Witam. Błąd ów zaczyna doprowadzadź mnie do szału. Siedzę nad tym ustrojstwen drugi dzień i wyczerpałem wszelkie pomysły.

Wszystko zaczęło się od komputera typu Mediacenter, który to łapał zwiechę przy wyłączaniu XBMC. Całość wykombinowałems sobie tak, że XBMC odpalany jest przy starcie poprzez Slim i automatyczne zalogowanie użytkownika. XBMC startuje z poziomu ~/.xinitrc. Zacząłem szukać co jest grane i doszedłem do punktu, w którym stwierdziłem, że identyczną zwiechę łapię przy zalogowaniu do Fluxboxa i wybraniu z menu exit - wtedy teoretycznie powiniem na nowo zastać ekran Slim. Potem stwierdziłem, że dokładnie taka sama twarda zwiecha dzieje się przy zwyczajnym restarcie xdm. Tesotwałem to już z dwiema wersjami sterowników nvidii (najnowszą w portage (180 ileś tam) i najnowszą w ogóle (185 ileś tam  :Wink:  ), jak również dwoma wersjami xorg-servera - 1.5 i 1.6 i ponadto dwoma różnymi wersjami kernela - 2.6.28 i 2.6.30. Objawy dokładnie identyczne. Z samej zwiechy logów wydobyć się nie da, poniważ ich nie ma - przed chwilą odpaliłem 3 konsole przez ssh, na dwóch odpalając śledzenie przez tail -f dmesq oraz Xorg.0.log a na trzeciej zrobiłem /etc/init.d/xdm restart. W logach nie przybyło nawet linijki, wszystkie 3 sesje zawieszone a komputer trzeba twarto zrestartować.

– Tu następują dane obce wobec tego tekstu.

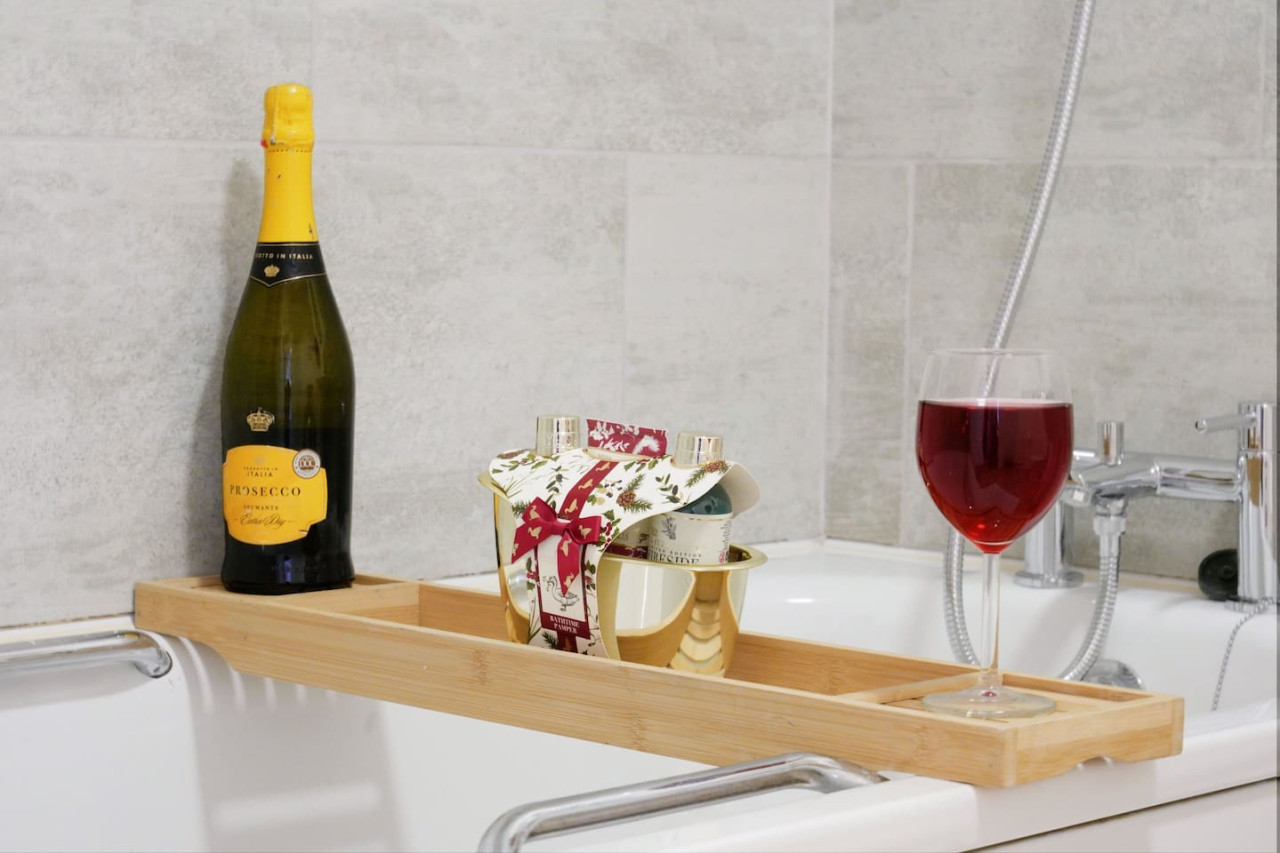 Stylish City Centre Apartment • Free Parking • Self-Check-In • Fast Wifi • SmartTVs in Woolmonger Street Flat 215 The Pinnacle - Property image 23 - VivreStays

Co ciekawe, podobne objawy ma mój laptop z nvidią na pokładzie. Nie był aktualizowany od lilku tygodni, jedynie sterownik nvidii ma najnowszy z serii 185, kernel 2.6.29-gentoo-r5 oraz xorg-server-1.5.3-r6. Tutaj po wyjściu z KDM do konsoli i wydaniu polecenia xdm restart, zostaje migający kursor w lewym górnym rogu ekranu. Można tak próbować do skutku restartować, czasami pojawia się na chwilę logo nvidia, czasami czarny ekran przez kilka sekund - różnie bywa. Jedno jest pewne - musi się skończyć rebootem, jednak w tym wypadku soft, ponieważ można przejść do konsoli.

By było śmieszniej, na mediacenter działa wyłączanie z poziomu ACPI, czyli przycisku na obudowie. Wydanie przez ssh komendy poweroff równiż skutkuje. Nie skutkują tylko metody polubowne w stylu "exit" z poziomu fluxboxa, czy XBMC  :Wink: 

Laptopa natomiast można sobie wyłączać do woli z poziomu KDE/KDM. Sprawdzę co stanie się na laptopie po użyciu Slim. Spróbuję odtworzyć konfig z komputera służącego za odtwarzacz.

I teraz pytanie do posiadaczy kart nvidii - czy u Was też tak jest? Z takim błędem jak na lapku, mogę żyć. Zastanawiam się czy błąd na mediacenter nie jest zależny od Slim-a....? Możecie spokojnie zrestartować usługę xdm?

----------

## sebas86

Do niedawna (do póki miałem jeszcze kompa z kartą Nvidii) nie miałem takich problemów. Pochwal się chociaż co to za karty. Może zainstaluj starszą wersję sterownika 17x.x?

----------

## rampage7

 *sebas86 wrote:*   

> Do niedawna (do póki miałem jeszcze kompa z kartą Nvidii) nie miałem takich problemów. Pochwal się chociaż co to za karty. Może zainstaluj starszą wersję sterownika 17x.x?

 

Jestem skazany na serię 180 - w laptopie Quadro NVS140M (gf serii 8 ) a w media center siedzi... kurcze zapomniałem - coś z serii 9, z 32 procesorkami SP, pasywnie chłodzone - chyba 9500GT  :Wink:  Idealny do sprzętowego dekodowania x264 przez VDPAU (swoją drogą to genialne rozwiązanie).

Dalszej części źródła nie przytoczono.